Mosse-Brown 'worked as a plantation worker cutting cane for her masters, also working as a maid in their homes' says her granddaughter Leleith Palmer.

Eventually she was able to buy property to grow her own sugarcane and would walk two days from Duanvale to the town where she could sell it. She would carry the cane on the back of a donkey or on her head.

The entrepreneur also opened the only bread shop in town, and was a music teacher and seamstress and highly involved in her local Methodist Church. She also clearly remembers seeing her first plane and car.
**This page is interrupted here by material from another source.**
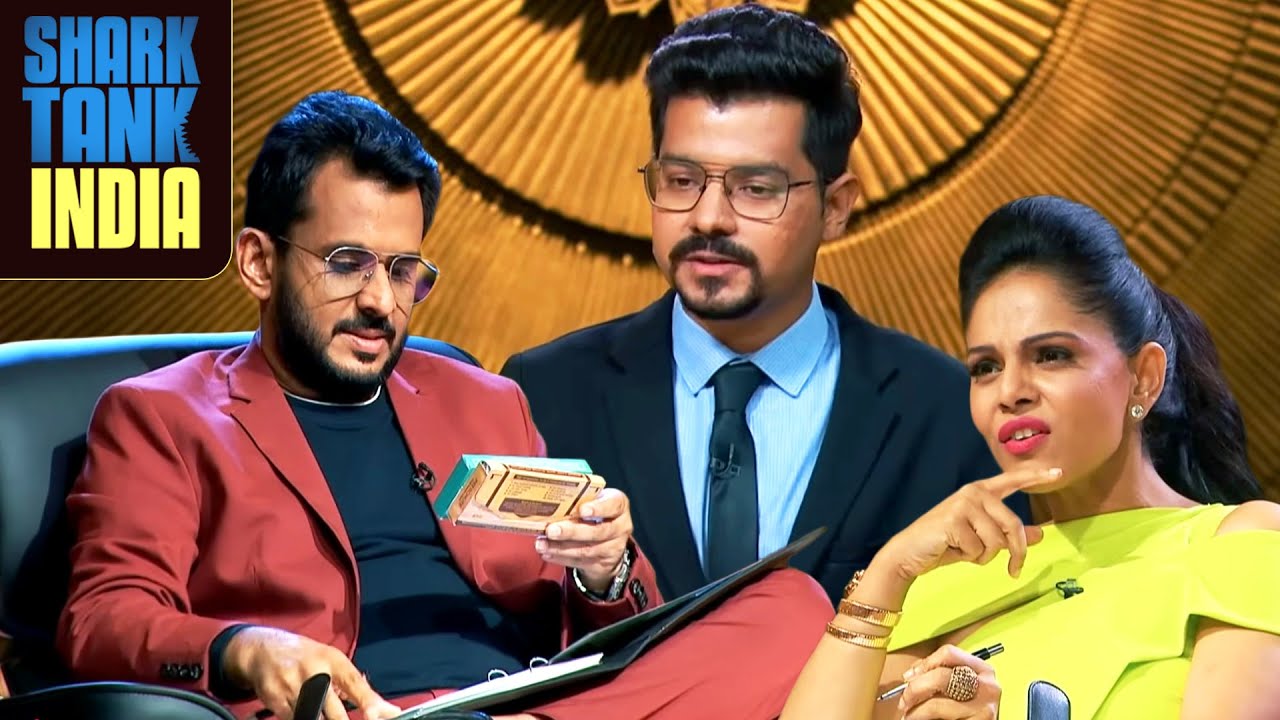सिर्फ़ Aman का Offer सुना और हो गई Deal Final | Shark Tank India | Male Entrepreneurs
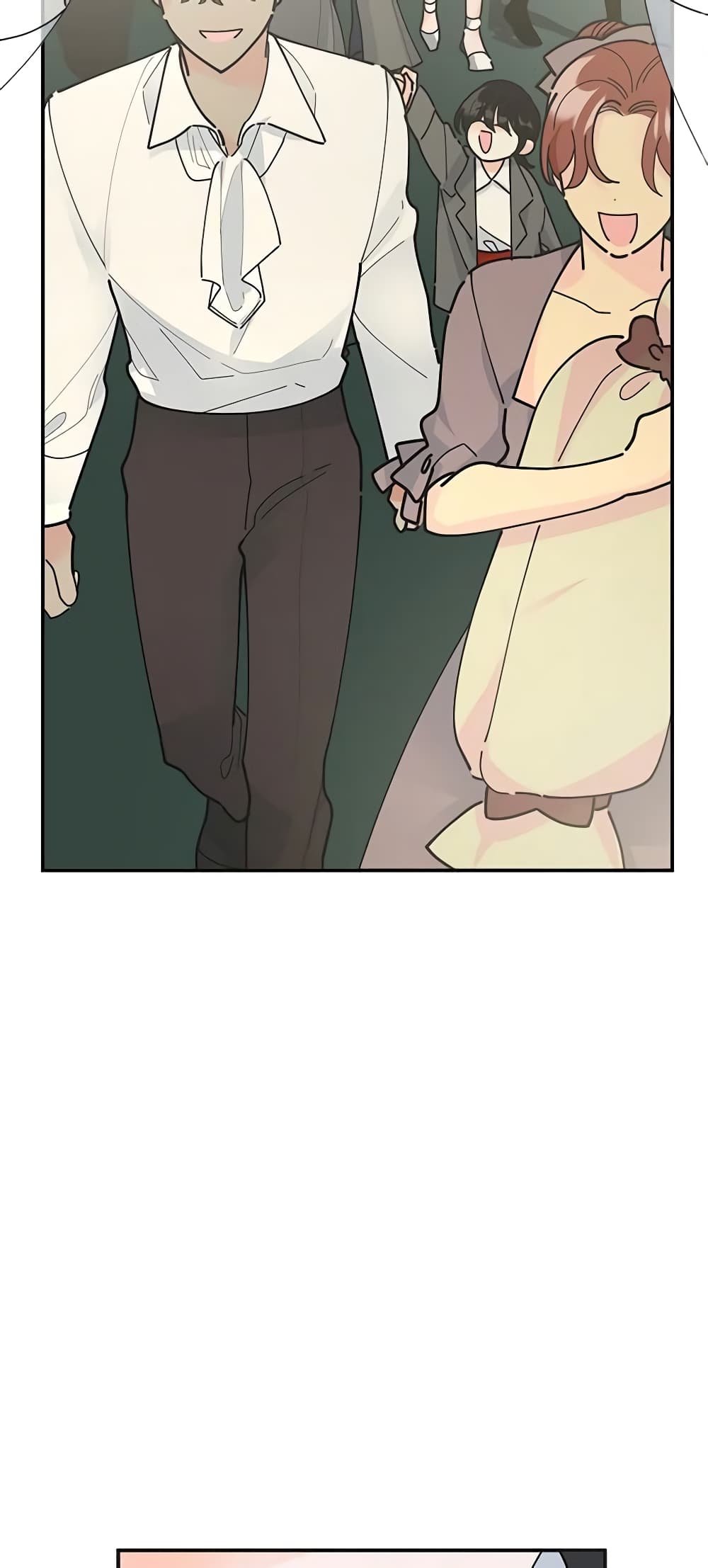 The Evil Lady's Hero page 3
As for diet, a caretaker told the Jamaica Observer last year: 'She likes fish and mutton and sometimes she will have cow foot, but she does not eat pork or chicken.' She also likes sweet potatoes, Irish potatoes, breadfruit, and fruits, especially oranges and mangoes.

The last oldest living person, Emma Morano, famously eschewed most fruits and veggies in favor of biscuits and had attributed her longevity to three eggs a day, two of them eaten raw. Even when doctors told her this wasn't a good idea, she kept it up her whole life.

Although Mosse-Brown enjoys her Bible, she isn't above appreciating the poetry of the rakish Lord Byron, and can recite The Vision of Belshazzar from memory.

She was married to cemetery keeper Augustus Gaynor Brown until he died. They had six children. She is a great-great-grandmother and has descendants in Jamaica, the United States, Europe and Africa, according to IAmJamaican.

There may be something special about the air in this particular part of Jamaica, as the fastest man in the world, Usain Bolt, was born in the same parish of Trelawny.

Mosse-Brown was named oldest woman by The Gerontology Research Group, which keeps a verified list of those over 110. But the Guinness Book of World Records says it is still researching a 'number of candidates,' according to the New York Daily News.

There are estimated to be 300 to 450 living supercentenarians in the world, though only 50 of those cases are known to the group and verified. The vast majority are women.

The next oldest person on the list is Nabi Tajima, who is 116 years and 256 days old.